(EXCERPTED RECORDS):
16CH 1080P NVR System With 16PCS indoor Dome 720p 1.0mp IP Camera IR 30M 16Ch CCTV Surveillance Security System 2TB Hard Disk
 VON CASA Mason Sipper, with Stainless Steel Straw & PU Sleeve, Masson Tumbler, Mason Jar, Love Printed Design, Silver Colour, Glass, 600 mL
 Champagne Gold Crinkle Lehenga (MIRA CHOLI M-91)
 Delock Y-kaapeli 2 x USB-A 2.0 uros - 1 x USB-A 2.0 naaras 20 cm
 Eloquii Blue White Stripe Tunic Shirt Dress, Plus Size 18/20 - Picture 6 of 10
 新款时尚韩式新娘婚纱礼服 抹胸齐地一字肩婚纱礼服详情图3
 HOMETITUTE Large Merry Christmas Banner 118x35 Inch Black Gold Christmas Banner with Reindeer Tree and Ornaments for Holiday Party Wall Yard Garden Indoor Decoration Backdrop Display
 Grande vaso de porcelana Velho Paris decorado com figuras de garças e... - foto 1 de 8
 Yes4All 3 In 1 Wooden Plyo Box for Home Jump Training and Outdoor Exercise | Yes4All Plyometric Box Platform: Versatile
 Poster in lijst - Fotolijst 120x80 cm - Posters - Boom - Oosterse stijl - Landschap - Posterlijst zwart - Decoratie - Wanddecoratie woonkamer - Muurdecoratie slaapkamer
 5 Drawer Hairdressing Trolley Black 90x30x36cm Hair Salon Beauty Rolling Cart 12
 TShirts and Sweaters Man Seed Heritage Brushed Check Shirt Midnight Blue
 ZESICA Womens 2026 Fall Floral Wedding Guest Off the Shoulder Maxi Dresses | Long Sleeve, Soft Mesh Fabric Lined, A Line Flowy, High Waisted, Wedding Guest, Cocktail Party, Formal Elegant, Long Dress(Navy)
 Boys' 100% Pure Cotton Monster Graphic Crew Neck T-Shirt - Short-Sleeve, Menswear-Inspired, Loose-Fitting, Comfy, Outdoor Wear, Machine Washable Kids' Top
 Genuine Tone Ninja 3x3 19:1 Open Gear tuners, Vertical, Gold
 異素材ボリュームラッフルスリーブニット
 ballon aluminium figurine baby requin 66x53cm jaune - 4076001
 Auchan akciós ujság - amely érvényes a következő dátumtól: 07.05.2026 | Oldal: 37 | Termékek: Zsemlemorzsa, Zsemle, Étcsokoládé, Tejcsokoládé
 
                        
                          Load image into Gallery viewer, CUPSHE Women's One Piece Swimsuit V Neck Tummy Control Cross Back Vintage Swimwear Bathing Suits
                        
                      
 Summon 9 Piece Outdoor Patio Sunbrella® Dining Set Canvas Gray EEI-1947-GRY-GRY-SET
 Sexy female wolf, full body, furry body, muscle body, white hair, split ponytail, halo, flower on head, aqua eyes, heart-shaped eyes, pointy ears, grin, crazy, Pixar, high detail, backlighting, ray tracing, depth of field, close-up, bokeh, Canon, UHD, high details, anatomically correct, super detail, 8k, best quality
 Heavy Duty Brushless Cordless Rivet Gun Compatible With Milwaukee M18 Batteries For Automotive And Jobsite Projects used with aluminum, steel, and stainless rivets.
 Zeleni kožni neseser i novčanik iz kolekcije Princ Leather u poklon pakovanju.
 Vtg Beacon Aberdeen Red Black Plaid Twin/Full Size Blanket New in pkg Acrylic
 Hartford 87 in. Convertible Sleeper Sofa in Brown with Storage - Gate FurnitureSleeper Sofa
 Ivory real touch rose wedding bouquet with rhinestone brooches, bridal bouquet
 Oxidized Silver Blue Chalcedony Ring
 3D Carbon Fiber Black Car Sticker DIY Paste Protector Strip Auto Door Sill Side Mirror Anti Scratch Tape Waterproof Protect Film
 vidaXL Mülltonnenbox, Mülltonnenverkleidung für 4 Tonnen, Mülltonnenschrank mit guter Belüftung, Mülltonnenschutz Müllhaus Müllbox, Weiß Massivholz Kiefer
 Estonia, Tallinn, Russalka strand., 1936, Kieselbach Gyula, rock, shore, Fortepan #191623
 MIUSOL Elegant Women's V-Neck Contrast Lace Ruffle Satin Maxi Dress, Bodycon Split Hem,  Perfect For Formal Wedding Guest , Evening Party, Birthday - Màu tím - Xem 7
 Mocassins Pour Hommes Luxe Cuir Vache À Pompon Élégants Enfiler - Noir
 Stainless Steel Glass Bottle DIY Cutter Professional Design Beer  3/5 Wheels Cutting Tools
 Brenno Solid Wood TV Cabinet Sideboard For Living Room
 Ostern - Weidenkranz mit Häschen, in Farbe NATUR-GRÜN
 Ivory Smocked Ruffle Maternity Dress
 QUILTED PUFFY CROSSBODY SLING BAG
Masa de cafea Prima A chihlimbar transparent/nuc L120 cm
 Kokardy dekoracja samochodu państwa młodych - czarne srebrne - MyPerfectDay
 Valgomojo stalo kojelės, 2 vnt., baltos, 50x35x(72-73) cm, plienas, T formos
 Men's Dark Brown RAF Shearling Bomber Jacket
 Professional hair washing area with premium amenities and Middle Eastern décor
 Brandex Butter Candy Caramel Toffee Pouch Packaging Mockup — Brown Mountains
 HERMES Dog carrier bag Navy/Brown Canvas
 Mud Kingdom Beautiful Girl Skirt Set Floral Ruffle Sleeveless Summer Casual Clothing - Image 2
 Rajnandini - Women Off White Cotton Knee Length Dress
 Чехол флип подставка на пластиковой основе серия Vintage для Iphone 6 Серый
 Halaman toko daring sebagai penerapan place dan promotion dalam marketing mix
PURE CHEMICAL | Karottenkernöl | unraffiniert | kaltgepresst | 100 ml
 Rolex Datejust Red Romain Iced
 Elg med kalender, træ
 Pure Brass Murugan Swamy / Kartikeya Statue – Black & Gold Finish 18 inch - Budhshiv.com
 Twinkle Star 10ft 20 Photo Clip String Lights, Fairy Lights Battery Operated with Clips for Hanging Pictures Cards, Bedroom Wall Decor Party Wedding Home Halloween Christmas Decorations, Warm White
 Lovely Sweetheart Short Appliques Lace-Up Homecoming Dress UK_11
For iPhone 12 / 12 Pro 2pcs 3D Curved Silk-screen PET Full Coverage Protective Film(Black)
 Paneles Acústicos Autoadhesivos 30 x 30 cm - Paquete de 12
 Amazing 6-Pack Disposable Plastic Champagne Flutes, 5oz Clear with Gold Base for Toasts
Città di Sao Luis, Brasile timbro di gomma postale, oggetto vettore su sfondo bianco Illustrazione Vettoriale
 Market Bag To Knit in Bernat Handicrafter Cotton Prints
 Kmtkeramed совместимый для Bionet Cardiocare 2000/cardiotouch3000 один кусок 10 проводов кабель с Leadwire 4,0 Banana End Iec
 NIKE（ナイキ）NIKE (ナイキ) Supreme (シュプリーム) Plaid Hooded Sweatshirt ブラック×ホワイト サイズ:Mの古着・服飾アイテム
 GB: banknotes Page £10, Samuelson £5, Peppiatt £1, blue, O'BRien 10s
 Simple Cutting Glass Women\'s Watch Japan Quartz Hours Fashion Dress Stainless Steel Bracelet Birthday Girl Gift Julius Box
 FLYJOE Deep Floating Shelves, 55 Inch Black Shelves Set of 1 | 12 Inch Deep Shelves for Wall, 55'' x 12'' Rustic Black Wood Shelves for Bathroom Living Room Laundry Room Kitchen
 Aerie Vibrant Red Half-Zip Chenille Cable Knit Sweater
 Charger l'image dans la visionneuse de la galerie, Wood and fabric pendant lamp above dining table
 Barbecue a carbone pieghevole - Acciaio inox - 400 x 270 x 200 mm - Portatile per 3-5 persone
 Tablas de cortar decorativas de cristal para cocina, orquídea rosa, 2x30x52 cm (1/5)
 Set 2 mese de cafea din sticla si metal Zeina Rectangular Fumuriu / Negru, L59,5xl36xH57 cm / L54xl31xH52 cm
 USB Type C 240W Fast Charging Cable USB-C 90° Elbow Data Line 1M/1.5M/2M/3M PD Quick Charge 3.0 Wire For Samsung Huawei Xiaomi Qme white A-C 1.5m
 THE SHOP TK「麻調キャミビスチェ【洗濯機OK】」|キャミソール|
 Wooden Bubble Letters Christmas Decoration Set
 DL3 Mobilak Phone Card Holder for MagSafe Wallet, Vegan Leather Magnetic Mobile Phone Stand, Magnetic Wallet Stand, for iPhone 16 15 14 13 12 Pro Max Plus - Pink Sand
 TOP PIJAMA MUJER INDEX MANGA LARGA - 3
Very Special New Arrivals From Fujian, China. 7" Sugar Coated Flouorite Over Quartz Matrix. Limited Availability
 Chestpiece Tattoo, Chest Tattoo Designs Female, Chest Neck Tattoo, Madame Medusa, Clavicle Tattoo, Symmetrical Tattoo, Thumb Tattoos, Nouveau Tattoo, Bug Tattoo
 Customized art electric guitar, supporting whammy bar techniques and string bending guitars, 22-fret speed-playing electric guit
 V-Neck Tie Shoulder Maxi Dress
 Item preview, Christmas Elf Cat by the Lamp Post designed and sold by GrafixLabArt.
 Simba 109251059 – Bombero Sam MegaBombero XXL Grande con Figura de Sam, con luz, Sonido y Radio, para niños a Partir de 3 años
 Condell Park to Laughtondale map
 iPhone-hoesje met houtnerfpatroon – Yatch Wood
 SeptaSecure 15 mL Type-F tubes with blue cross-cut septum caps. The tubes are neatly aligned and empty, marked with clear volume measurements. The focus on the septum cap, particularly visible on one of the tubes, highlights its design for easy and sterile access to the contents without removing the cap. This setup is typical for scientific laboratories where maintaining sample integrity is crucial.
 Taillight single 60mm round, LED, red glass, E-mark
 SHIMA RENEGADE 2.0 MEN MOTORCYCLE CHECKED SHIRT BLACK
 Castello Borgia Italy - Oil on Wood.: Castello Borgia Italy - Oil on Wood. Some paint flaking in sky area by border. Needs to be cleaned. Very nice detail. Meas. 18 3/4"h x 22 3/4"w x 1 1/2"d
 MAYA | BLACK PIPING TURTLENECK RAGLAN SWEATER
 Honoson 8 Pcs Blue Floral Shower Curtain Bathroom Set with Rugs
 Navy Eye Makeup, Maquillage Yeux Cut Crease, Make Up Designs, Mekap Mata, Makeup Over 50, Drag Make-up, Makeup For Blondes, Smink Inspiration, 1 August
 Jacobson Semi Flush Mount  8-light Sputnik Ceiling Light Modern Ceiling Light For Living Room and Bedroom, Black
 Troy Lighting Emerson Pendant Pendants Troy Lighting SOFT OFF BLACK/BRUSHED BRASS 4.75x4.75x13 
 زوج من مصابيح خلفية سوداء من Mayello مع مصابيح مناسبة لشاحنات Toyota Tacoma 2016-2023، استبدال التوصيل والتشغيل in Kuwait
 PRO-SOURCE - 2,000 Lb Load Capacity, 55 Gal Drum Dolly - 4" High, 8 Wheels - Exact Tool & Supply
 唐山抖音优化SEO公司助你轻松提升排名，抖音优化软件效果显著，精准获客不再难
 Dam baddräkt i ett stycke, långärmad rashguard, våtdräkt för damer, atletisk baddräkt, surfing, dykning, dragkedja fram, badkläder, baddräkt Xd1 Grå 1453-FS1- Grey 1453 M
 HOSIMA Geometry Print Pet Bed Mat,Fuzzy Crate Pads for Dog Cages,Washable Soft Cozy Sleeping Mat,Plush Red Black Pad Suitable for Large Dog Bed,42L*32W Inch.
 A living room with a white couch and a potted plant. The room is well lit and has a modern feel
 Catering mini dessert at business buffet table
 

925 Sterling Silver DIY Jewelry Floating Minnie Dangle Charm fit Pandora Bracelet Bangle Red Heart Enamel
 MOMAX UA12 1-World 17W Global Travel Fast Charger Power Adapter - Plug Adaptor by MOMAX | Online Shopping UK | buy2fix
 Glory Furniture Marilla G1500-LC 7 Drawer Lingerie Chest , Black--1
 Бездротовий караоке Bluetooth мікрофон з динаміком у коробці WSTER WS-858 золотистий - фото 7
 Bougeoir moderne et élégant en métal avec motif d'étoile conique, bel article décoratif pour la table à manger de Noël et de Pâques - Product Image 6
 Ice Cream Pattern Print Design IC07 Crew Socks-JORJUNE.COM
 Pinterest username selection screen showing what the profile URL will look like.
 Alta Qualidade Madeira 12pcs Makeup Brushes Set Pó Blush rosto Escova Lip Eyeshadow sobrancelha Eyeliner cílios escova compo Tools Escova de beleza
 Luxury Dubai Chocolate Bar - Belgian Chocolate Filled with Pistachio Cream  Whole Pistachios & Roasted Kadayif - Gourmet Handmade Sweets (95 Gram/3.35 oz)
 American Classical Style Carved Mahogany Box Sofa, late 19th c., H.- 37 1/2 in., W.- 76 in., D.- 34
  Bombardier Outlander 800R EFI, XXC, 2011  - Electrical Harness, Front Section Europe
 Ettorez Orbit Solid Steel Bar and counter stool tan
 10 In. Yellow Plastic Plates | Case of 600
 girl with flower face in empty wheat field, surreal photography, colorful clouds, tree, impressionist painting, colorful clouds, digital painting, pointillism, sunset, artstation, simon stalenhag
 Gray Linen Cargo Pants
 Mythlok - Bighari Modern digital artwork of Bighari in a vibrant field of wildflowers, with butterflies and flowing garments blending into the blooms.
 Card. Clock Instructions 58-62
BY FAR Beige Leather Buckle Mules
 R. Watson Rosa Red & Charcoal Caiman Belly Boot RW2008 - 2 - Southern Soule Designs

(TASK DESCRIPTION):
Output exactly one stretch of the listing: from the line containing "Barbecue a carbone" through the line containing "Wooden Bubble Letters", both end lines included.

(TASK SOLUTION):
 Barbecue a carbone pieghevole - Acciaio inox - 400 x 270 x 200 mm - Portatile per 3-5 persone
 Tablas de cortar decorativas de cristal para cocina, orquídea rosa, 2x30x52 cm (1/5)
 Set 2 mese de cafea din sticla si metal Zeina Rectangular Fumuriu / Negru, L59,5xl36xH57 cm / L54xl31xH52 cm
 USB Type C 240W Fast Charging Cable USB-C 90° Elbow Data Line 1M/1.5M/2M/3M PD Quick Charge 3.0 Wire For Samsung Huawei Xiaomi Qme white A-C 1.5m
 THE SHOP TK「麻調キャミビスチェ【洗濯機OK】」|キャミソール|
 Wooden Bubble Letters Christmas Decoration Set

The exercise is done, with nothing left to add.